Dr Jonas Ridderstråle is at the forefront of the new generation of European-based business gurus. He cuts through the madness and hyperbole surrounding the global economy and his appeal is truly global. Jonas has attained tremendous media coverage throughout the world. The 2005 Thinkers 50, the bi-annual global ranking of management thinkers, ranked him (and his colleague Nordström) at number nine internationally and as the leading European business guru.

1. You are ranked as number 9 among management thinkers of the world and number 1 in Europe together with your co-author Kjell A. Nordström. As you are the number ones in Europe the question is quite obvious: are there only a few real thinkers in this continent or are you that good at management to be ranked on the first place?

Beauty is in the eye of the beholder. There are many great European management thinkers – from Charles Handy to Fons Trompenhaars. I think I’ve been successful, because the ideas that I present are solid enough to stand the test of time, but also because my books and gigs provide people not only with intellectual content. In all probability, that stuff is necessary but not sufficient if you want to make it in my industry. I also give people hope, confidence and optimism. Boosting the psychological capital of people is at least as important as adding to their intellectual capital.

2. What do you think what is the problem with the European management thinkers?

I don’t have a problem with them – at least not all of them.

3. In world’s economy Europe as a producer does not have a big role nowadays everything is moving to Asia. Based on your experiences how could Europe compete and stay alive? Is there a problem with the management skills here, in Europe or it is just a new era when China, India are getting bigger roles?

In our deregulated world, there are two basic options. Either you design a strategy that’s as fit as the great white shark – well adapted to a world of markets, or you focus on being sexy like the peacock with his amazing tail – attractive to people with more or less endless choice. Most people are familiar with Charles Darwin’s idea of survival of the fittest. As an effect of the deregulated business life and our journey into an info jungle where markets rule and reign also organizations must adapt. Right now, they are outsourcing and off-shoring to become the fittest business on the block.

Just farming out stuff won’t do the trick, however. Being fit requires that you find and exploit a market imperfection. For economists (and politicians) perfect markets are those where marginal cost equals marginal revenue and companies make just enough money to stay in business. In a perfect market, profits don’t exist. It’s therefore the duty of executives to pursue imperfections.

Dell created a transactional advantage with its direct to the customer business model, eliminating several parts of the traditional value chain. eBay has designed its Internet platform, where you can sell and buy just about everything, in such a way that relationships and reputation evolve and result in mutual trust. Finally, there are those companies, mainly professional service firms such as Ernst & Young or Accenture, which focus their attention on creating and defending a talent monopoly.

But also Darwin later came to realize there’s another way. The trick lies in shifting perspective from a survival-oriented to a courtship-based view of success. Consider the peacock’s tail? From a fitness perspective, this “psychedelic feather duster” actually provides a competitive disadvantage. He can’t run. He can’t fly. So, why did the peacock end up with such a ridiculous costume?
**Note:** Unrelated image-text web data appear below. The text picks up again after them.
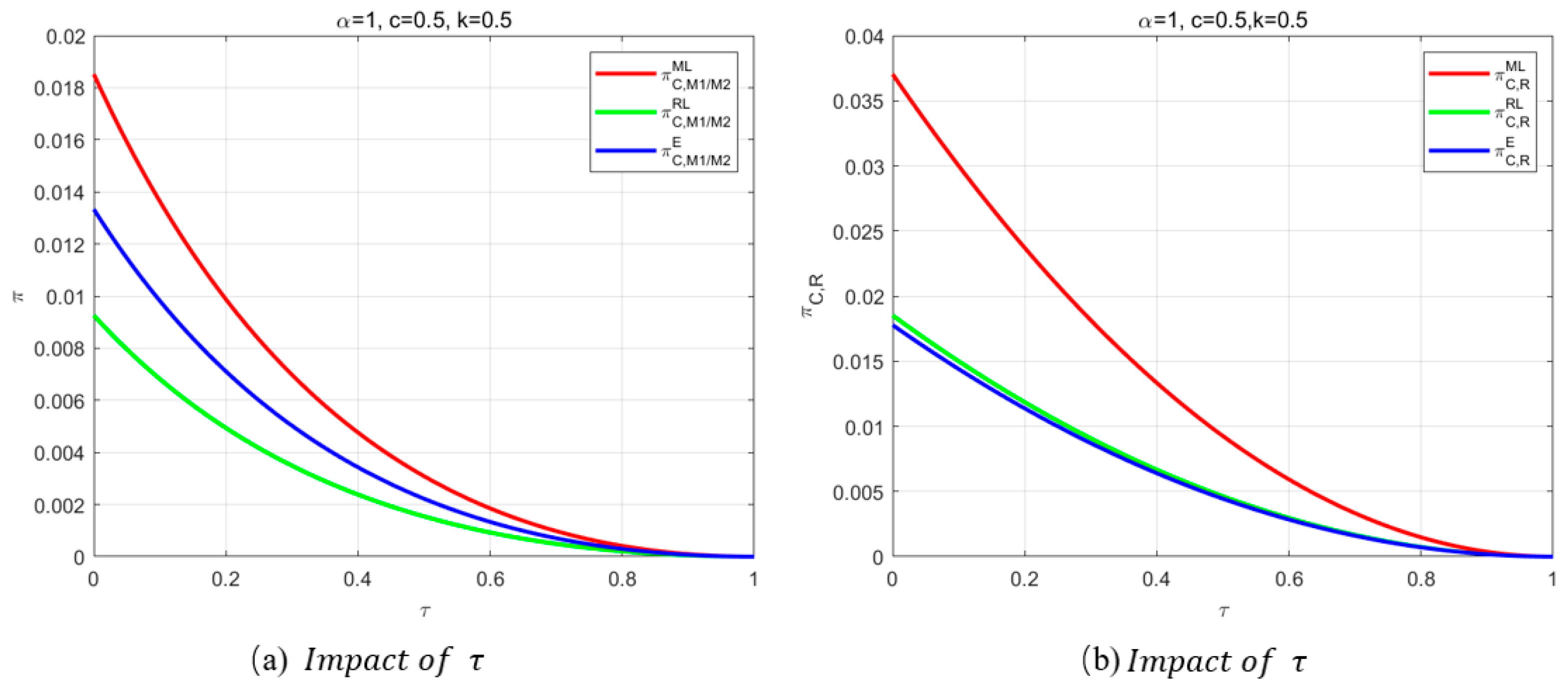 Mathematics 12 03134 g007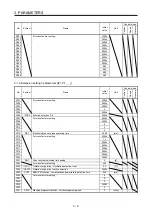 Preview for 53 page of Mitsubishi Electric MELSERVO MR-J4-B-LL Series Instruction Manual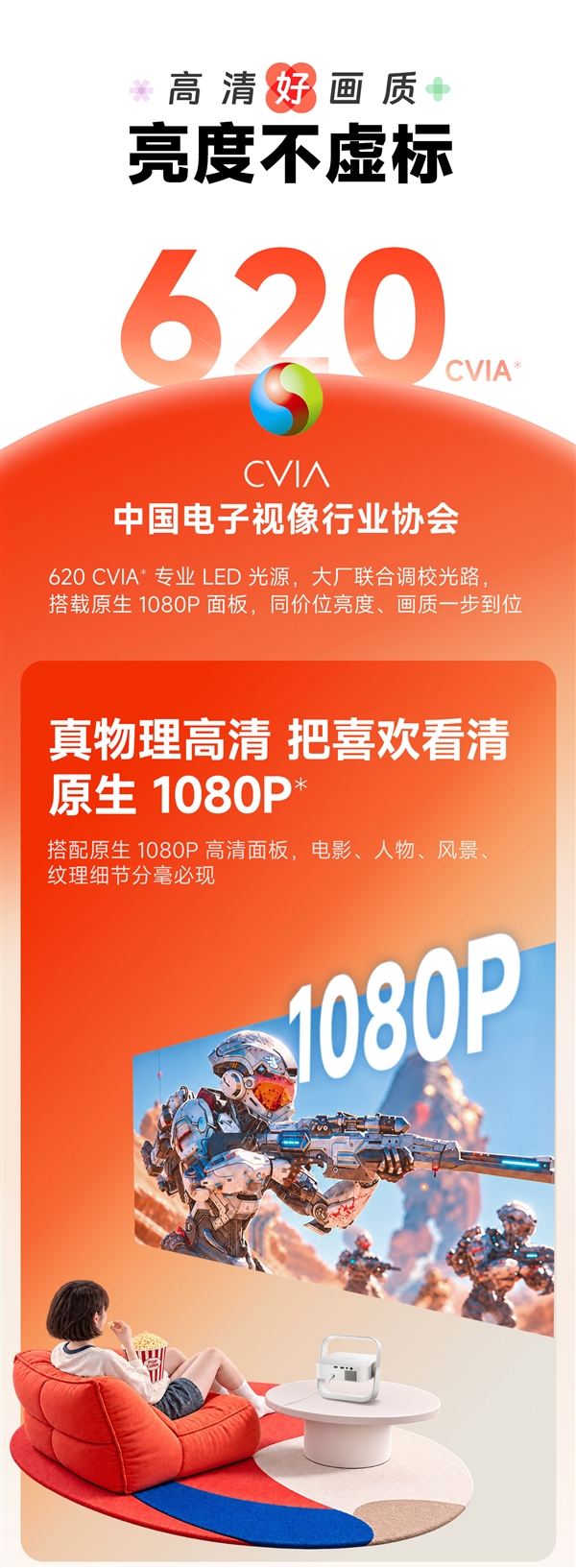 百元投影仪推荐小光盒R1：620CVIA高亮+原生1080P 699元档四家大厂护航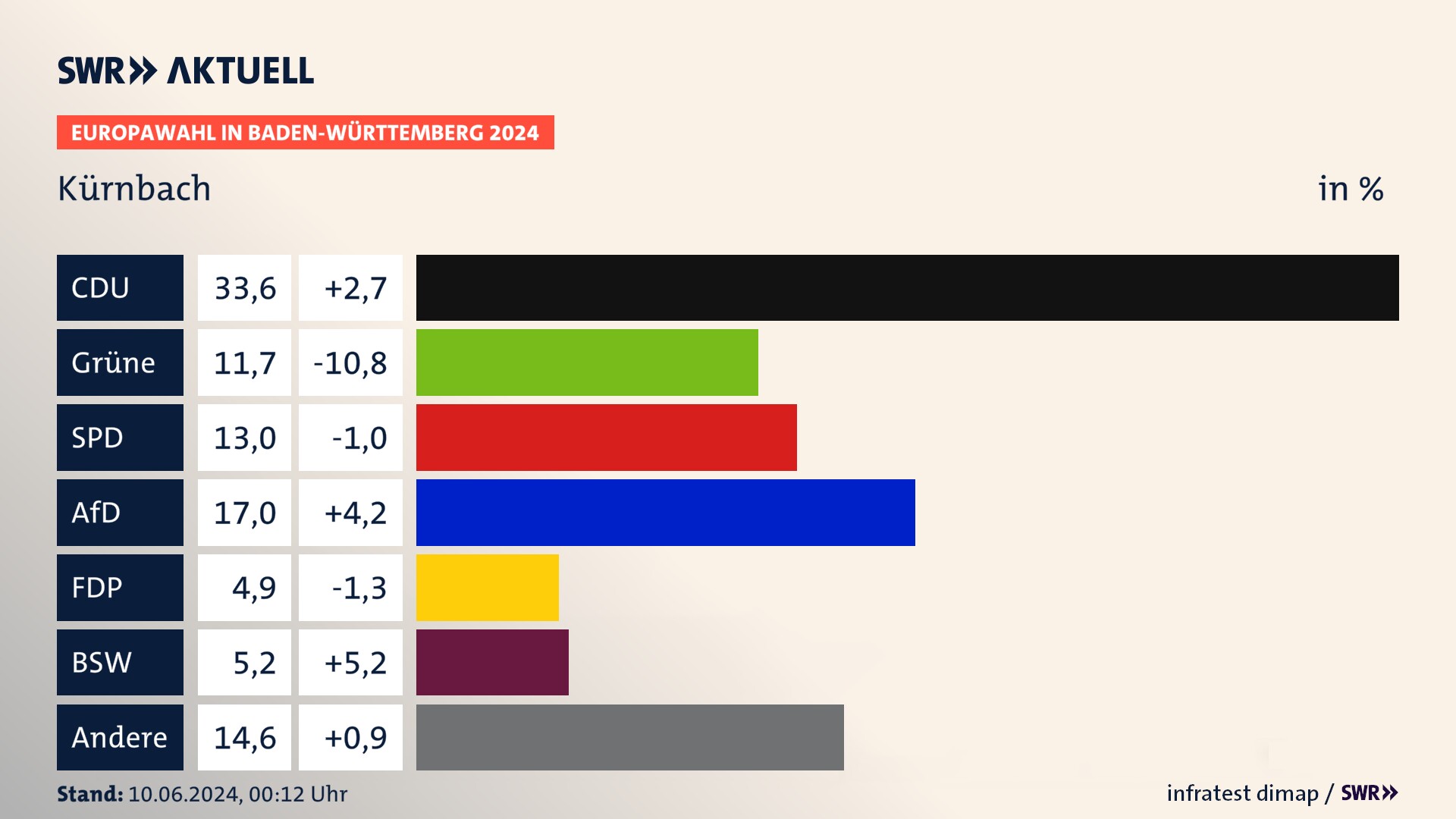 Europawahl 2024 Endergebnis Zweitstimme für Kürnbach. In Kürnbach erzielt die CDU 33,6 Prozent der gültigen  Stimmen. Die Grünen landen bei 11,7 Prozent. Die SPD erreicht 13,0 Prozent. Die AfD kommt auf 17,0 Prozent. Die FDP landet bei 4,9 Prozent. Die 2019 nicht angetretene Partei BSW bekommt 5,2 Prozent.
In order to understand his look, we must consider the peahen, because in nature as in life and in business it’s always the “customer” who takes the ultimate decision; go – no go. With the tail, the peacock is actually telling the female that he is so incredibly fit that he can afford to carry around this awkward adornment and still be alive and have a good life. He has a credible handicap. This is survival of the sexiest. The guy is attractive as hell.

Since we’ve deregulated life and moved into a split society in which at least some people now have more or less endless choice, being good is often no longer enough. Today, in the business world we find an abundance of firms that supply a surplus of products and services with similar quality, price and performance. For Generation Choice – sameness sucks. So, corporations must attract the attention of people by appealing to their feelings.

In business, credible handicaps largely fall into two separate categories: ethics and aesthetics. If you refuse to bribe and cheat, you’ll be handicapped. Corporate social responsibility costs = handicap. Also corporations that spend a lot of money on being environmentally friendly develop a handicap – a cost disadvantage. Is this handicap credible? Increasingly so, I believe, after the UN report on our climate and Al Gore’s documentary An Inconvenient Truth. No wonder that the percentage of global venture capital that’s invested in so called clean technology is up from 1 per cent in 2000 to 14 per cent in 2006. But ethics isn’t for everyone, everywhere. All handicaps are subjective, and their exchange rates vary over time and space. As a supplier you also need to be authentic. Transparency works both ways.

As for aesthetical handicaps, consider BMW. We’ve been told that the company employs close to 30 highly trained engineers who work only on the sound of the door, and almost half as many who focus on the smell of the car. Look at the cost structure of that company. BMW shouldn’t exist – not in one of the most competitive industries in the world; not when it spends an enormous amount of time and money on completely “meaningless” things such as design and branding. Yet, it does. In a perfectly normal and rational world we would all be driving Toyota Corollas. We don’t. BMW is hugely successful – not despite the handicap but thanks to it. The company knows how to profit from the peacock principle.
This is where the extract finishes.